EXERCISE DATA:
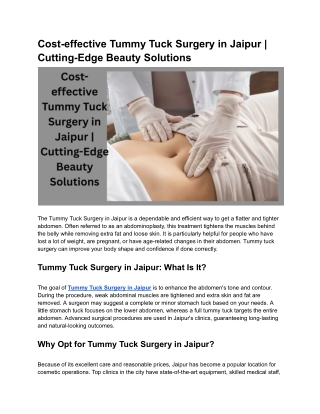 Tummy Tuck Surgery in Jaipur | Expert Abdominoplasty Solutions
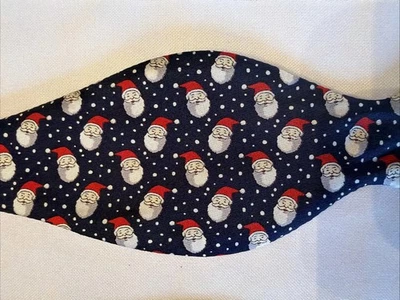 Christmas Bowtie Rivetz of Boston Adjustable Santa Claus Navy Blue silk holiday  - Image 1 of 4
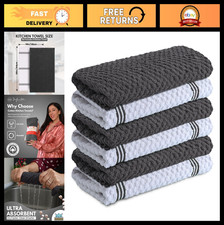 6 Pack Cotton Kitchen Towels - Absorbent Dish Towels 15" x 25" Home Essentia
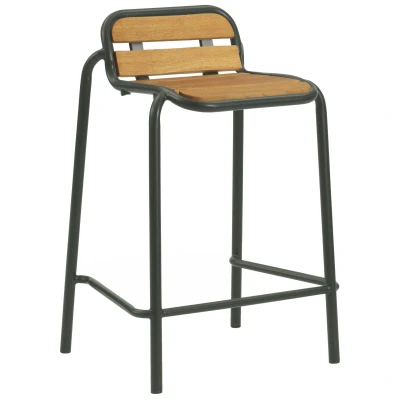 Afbeelding van Normann Copenhagen Vig Wood Barkruk 65 Donkergroen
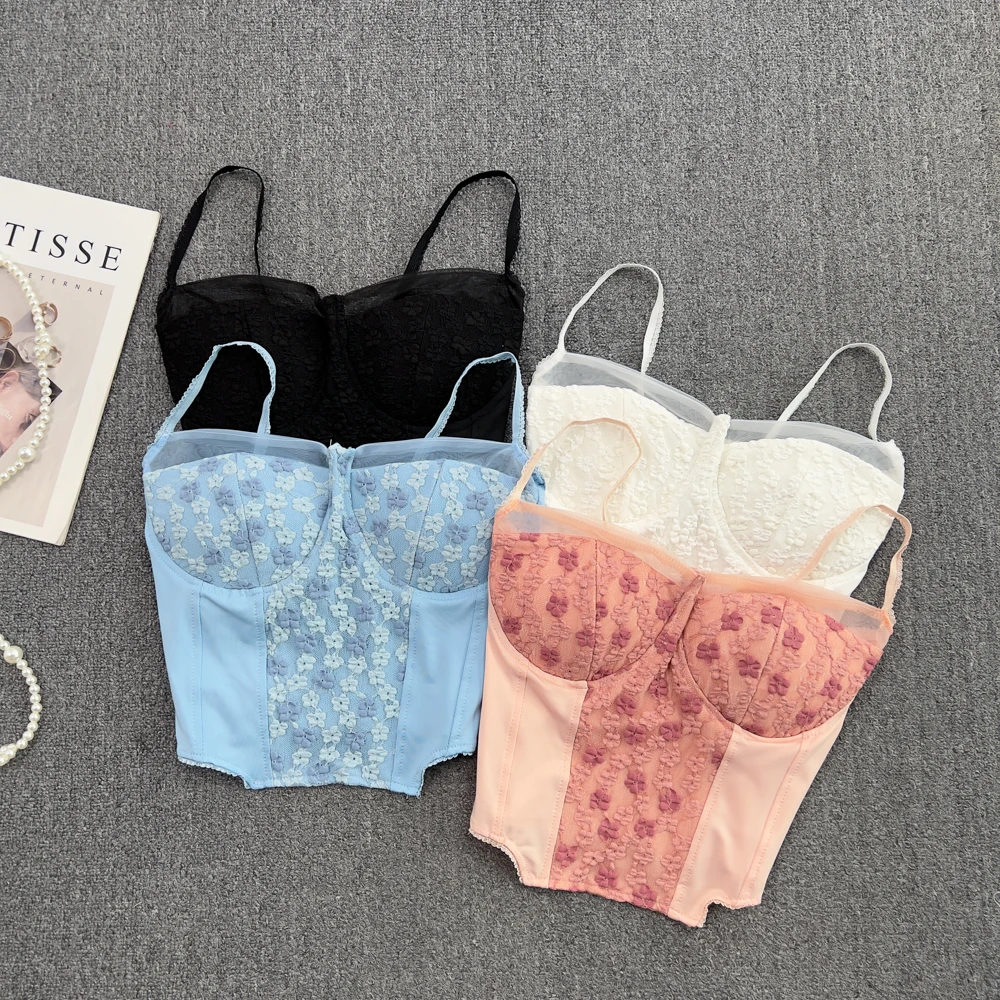 

lace floral sweet corset bustier sexy chic tanks and camis fashion basic tank top strap slim crop tops summer women clothes y2k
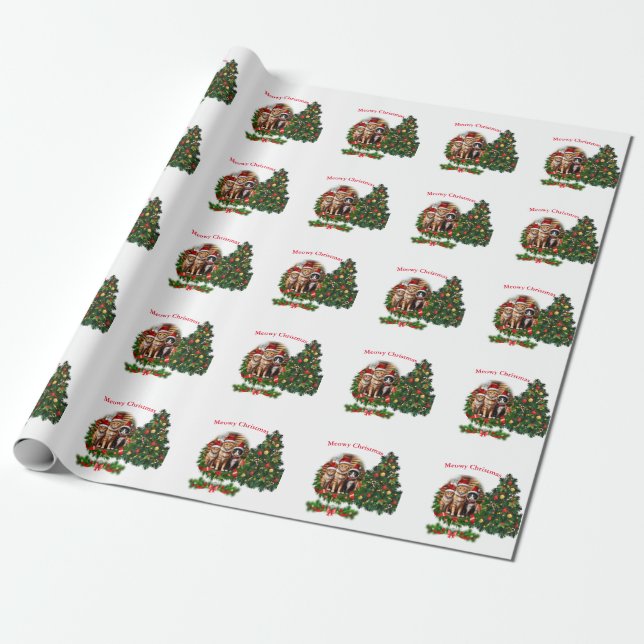Papel De Presente Feliz Natal Gatos (Desenrolado)
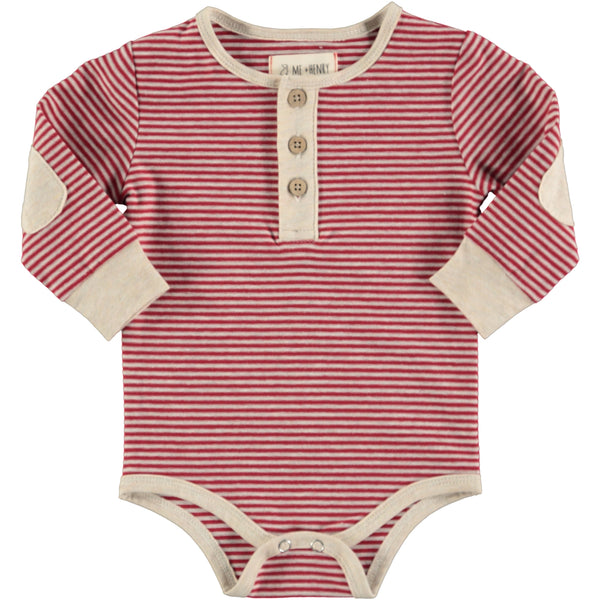 Baby Boy Long Sleeve Red Stripe Henley,Onesie,Me and Henry-The Little Clothing Company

YOUR ASSIGNMENT: Each line of the data needs to be output exactly, with any image excluded.

ANSWER BOX:
 Tummy Tuck Surgery in Jaipur | Expert Abdominoplasty Solutions
 Christmas Bowtie Rivetz of Boston Adjustable Santa Claus Navy Blue silk holiday  - Image 1 of 4
 6 Pack Cotton Kitchen Towels - Absorbent Dish Towels 15" x 25" Home Essentia
 Afbeelding van Normann Copenhagen Vig Wood Barkruk 65 Donkergroen

lace floral sweet corset bustier sexy chic tanks and camis fashion basic tank top strap slim crop tops summer women clothes y2k
Papel De Presente Feliz Natal Gatos (Desenrolado)
 Baby Boy Long Sleeve Red Stripe Henley,Onesie,Me and Henry-The Little Clothing Company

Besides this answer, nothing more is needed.